PODESTA: Yes, I think more directed at the IMF, but I think that both of those institutions really have had to change as a result of some of the criticism that they have received. You mentioned the World Bank. The World Bank, I think, in its development mission is much more sensitive, I think, today about questions of what it's going to do to the indigenous environments that they're working than it was just a few short years ago.

And I think the same thing is true with the IMF. They have to listen, they have to respond to those criticisms, and one of the things I think all these institutions have to do, whether it's a summit meeting like this or the World Bank or the WTO, is they have to open up more, they have to let the sunlight shine in a little bit more. It can't be just a series of discussions amongst people behind closed doors who are trying to set, if you will, the world economic order. They have to be able to engage in dialogue, show what they are doing, put it up to public debate in the countries that being affected and let the people decide through a democratic process.

FRAZIER: Indeed, it runs the risk of looking like technocrats who work under cover of darkness. Well, let me take you back. At the time of the World Bank...

PODESTA: Let me mention one particular thing, again, that's sort of relevant to this. One of the things that President Clinton did toward the end of the administration was put in place an executive order that required an environmental review of all new trade agreements. I think that's very critical in moving forward. I hope this administration continues to embrace that idea. It's a little bit questionable, given where they've been on some of the other environmental policies we pursued. But I think that was very important in terms of buying in some support from the mainstream environmental constituencies in this country that we cared about the environment and were going to protect the environment even as we pursued a strategy of trying to open up more trade.

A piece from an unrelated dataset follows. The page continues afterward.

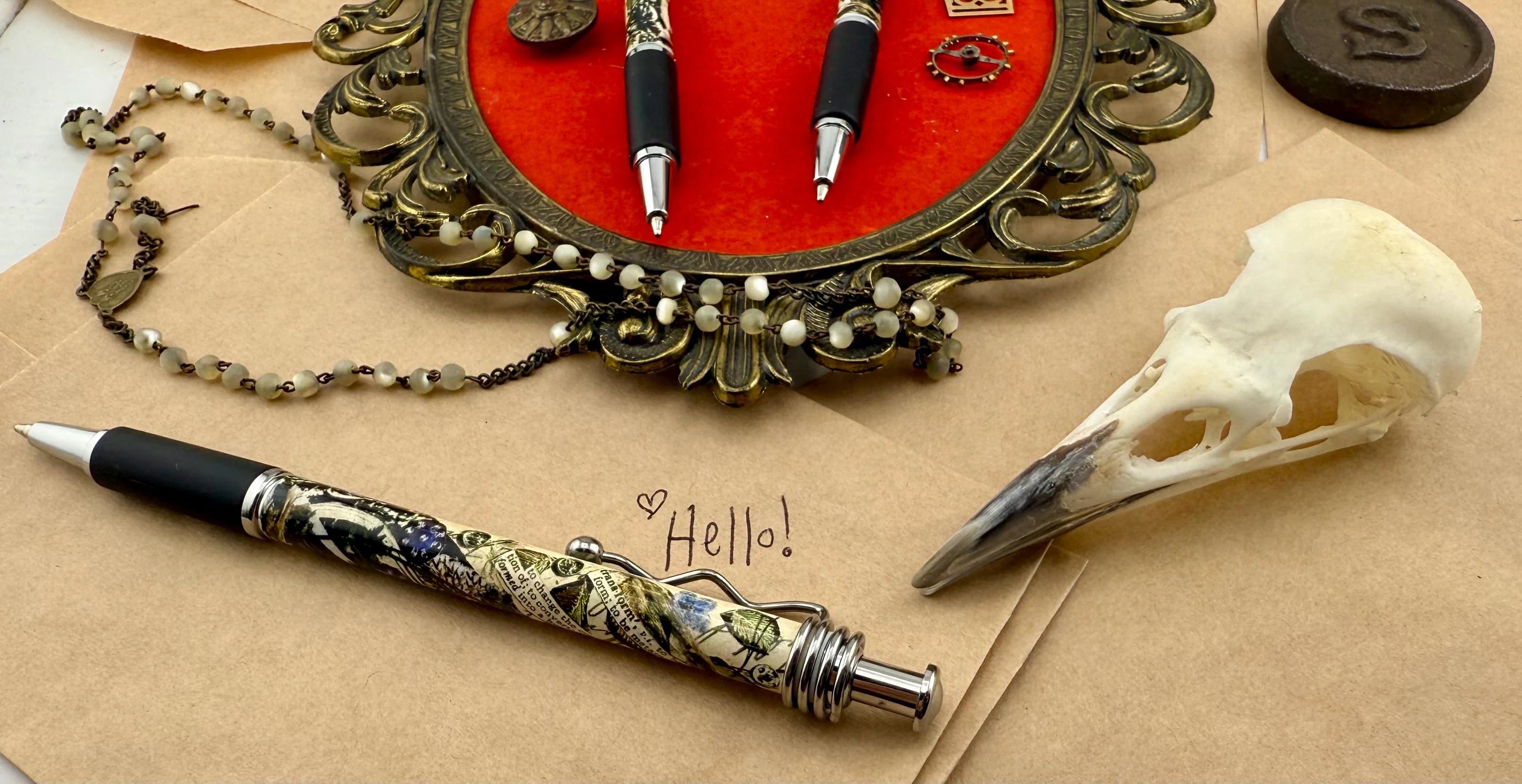 Crow Brain Transformation Collage Art Pen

FRAZIER: Well, I'm grateful for your explaining those provisions. That's exactly the sort of thing David Smith was talking to us about when he joined us from the AFL-CIO a moment ago. And help me now, because my memory is failing me, but I recall that the World Bank and IMF both were involved in one country in South America that was basically underwater following hurricanes, and I can't remember if it was Honduras or another one, and the issue that we were discussing a few years ago was what would happen -- how would their loans be rescheduled? How could they ever pay back without running up huge penalties because they were running late because their country was basically underwater.

PODESTA: Well, I think that we've seen that in terms of natural disasters around the world, and I think those are places where the world community really needs to come together and for the very poorest countries, that's what the initiatives on debt relief have been all about, to provide relief of the debt of those countries so that those monies could be use, instead of just for debt repayment, to be used for health programs, for education programs, to meet the vital needs of people in the very poorest countries around the world.

With regard to countries that are maybe not so poor, the loans can be stretched out, and, obviously, attention needs to be paid through aid and through other mechanisms to be able to deal with natural disasters when they occur.

FRAZIER: Well, that helps a lot in bringing some specifics to these rather abstract policy discussions, so thank you, John Podesta, for that. We want to let our viewers know that as we step away here for a short break, that upon our return, we'll be going to Quebec City where the Royal Canadian Mounted Police will be starting a news conference in just a couple of minutes, and as they do that, I will be handing off here to Judy Woodruff in our Washington bureau, who is going to continue our live coverage from there.

I'd like to thank you all for joining us through the start of this afternoon, and ask that you continue to join us as we approach the opening ceremonies of the Summit of the Americas and the unofficial ceremonies which are happening on the streets outside. But for now, we take a break. Stay with us, we'll be right back.

(COMMERCIAL BREAK)

JUDY WOODRUFF, CNN ANCHOR: I'm Judy Woodruff in Washington, taking over our live coverage of events in Quebec City from my colleague, Stephen Frazier in Atlanta. These are live pictures from Quebec City where the leaders of some 33, 34 nations in this hemisphere, the Western Hemisphere, have gathered to meet, to discuss trade, to discuss free trade. And instead of being able to get together to hold their meetings, you can see, if you have been watching over the last few hours, what has been going on. Hundreds of police have been moved into the streets in riot gear, having to form a line to keep these protesters, whose numbers were well over a thousand when they began -- now appeared to have dwindled some, but there is no telling when those numbers might swell again.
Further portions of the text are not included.